> **ASSIGNED TASK**:
Set down each line of the records once more, precisely, and omit the pictures.

> **Free-text object descriptions**:

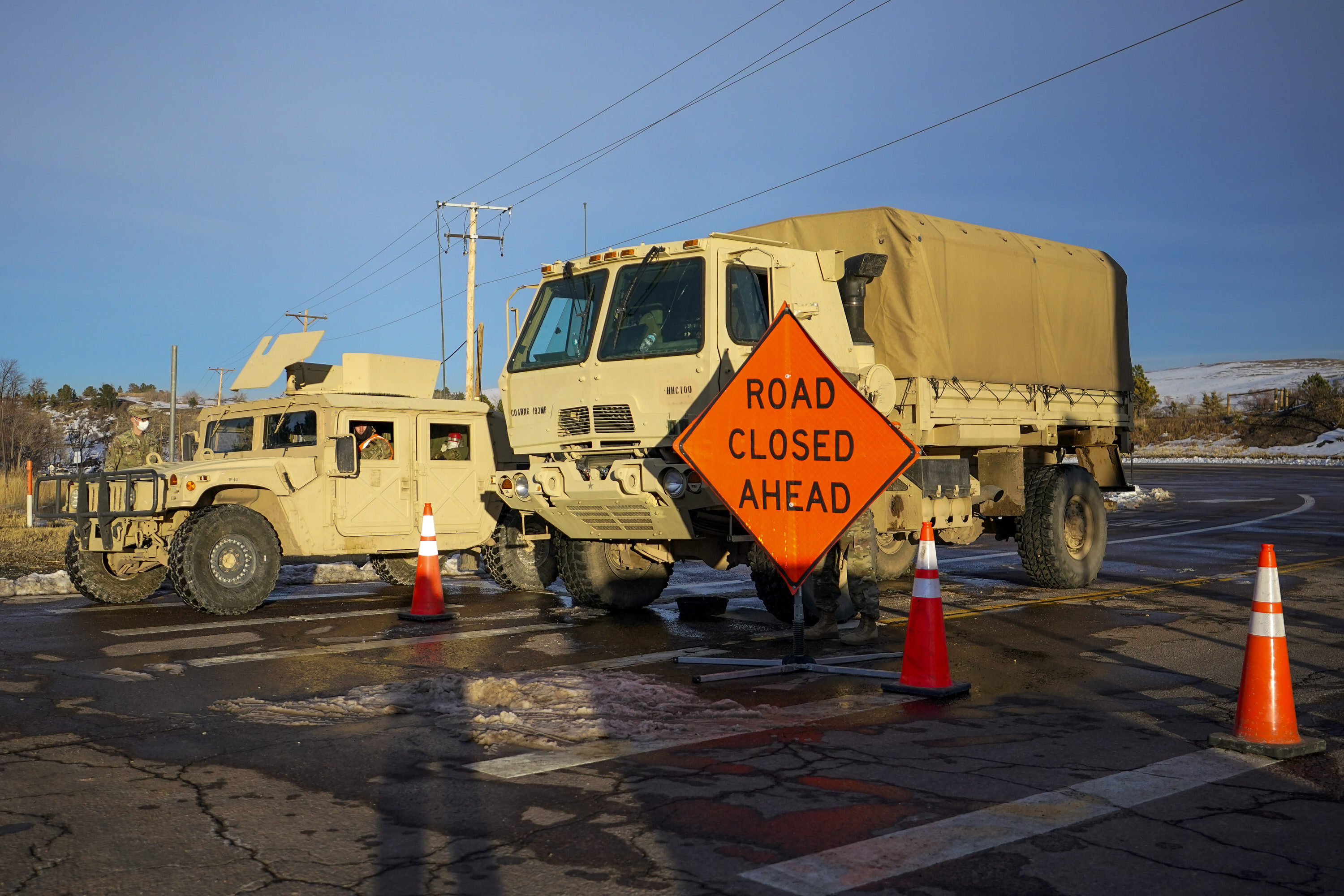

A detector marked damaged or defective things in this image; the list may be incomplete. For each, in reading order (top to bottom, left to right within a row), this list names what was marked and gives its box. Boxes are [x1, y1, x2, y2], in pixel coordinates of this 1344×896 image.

cracked pavement [2, 467, 1344, 892]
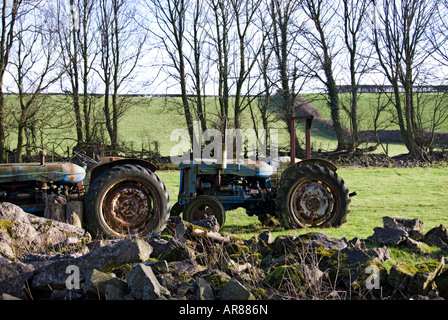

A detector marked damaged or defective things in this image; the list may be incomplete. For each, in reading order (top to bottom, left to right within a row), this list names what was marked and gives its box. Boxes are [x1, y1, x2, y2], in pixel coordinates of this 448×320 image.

rusty wheel [84, 165, 170, 238]
rusty wheel [182, 195, 224, 228]
rusty wheel [276, 165, 350, 228]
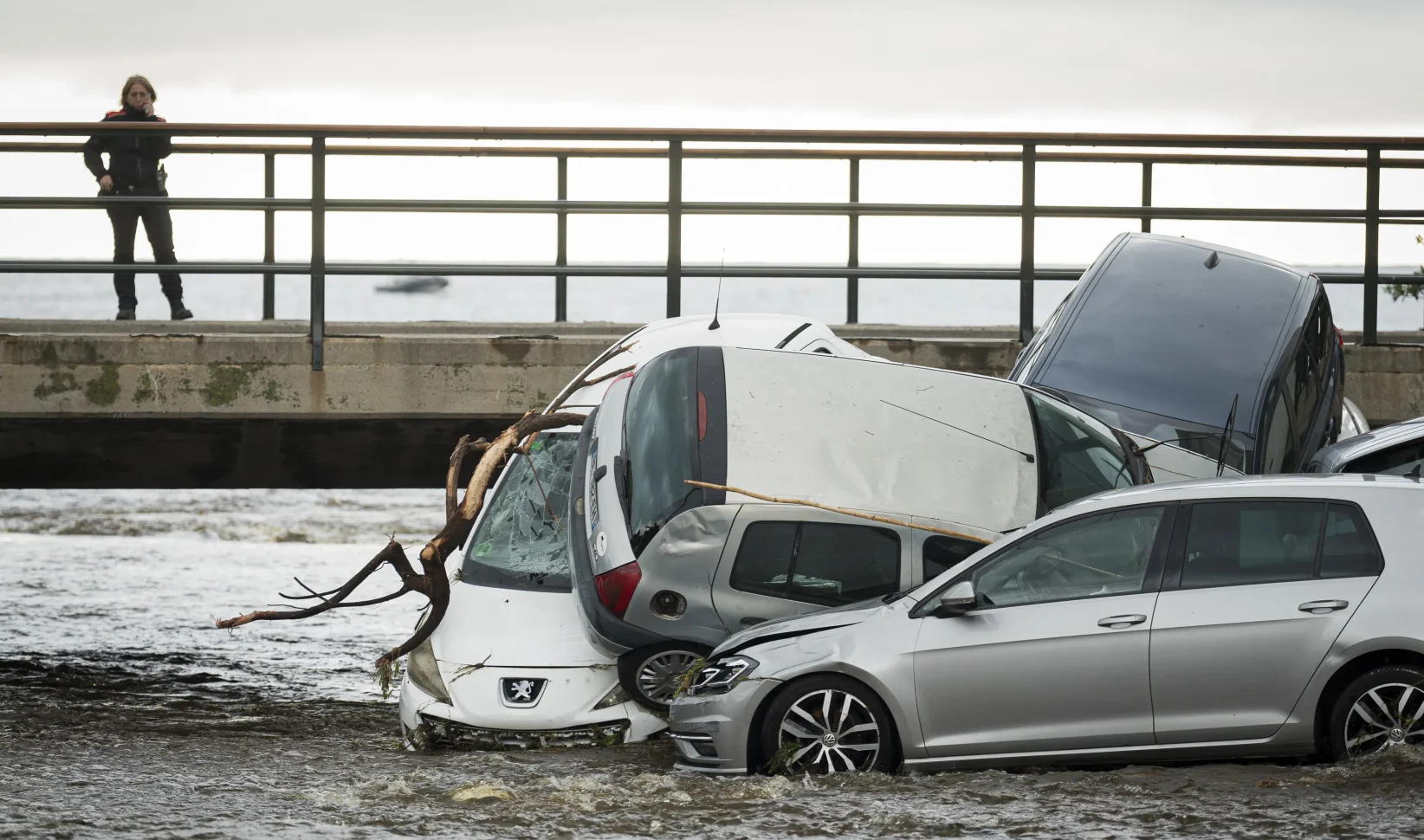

> **PROBLEM SOLUTION**:
A detector marked damaged or defective things in this image; the list may be incomplete. For each, in reading order (top to bottom, left to right within a row), this list names what was marked and gives its box. Boxes are [x1, y1, x2, y2], in pixel coordinates of this 1344×896 image.

cracked pavement [2, 467, 1344, 892]

A detector marked damaged or defective things in this image; the list may be incomplete. For each, in reading order (top to bottom, left to right within a row), this list names what was marked and gives its box. Boxes are [x1, y1, x2, y2], in pixel coordinates of this 448×320 image.

rusty wheel [84, 165, 170, 238]
rusty wheel [182, 195, 224, 228]
rusty wheel [276, 165, 350, 228]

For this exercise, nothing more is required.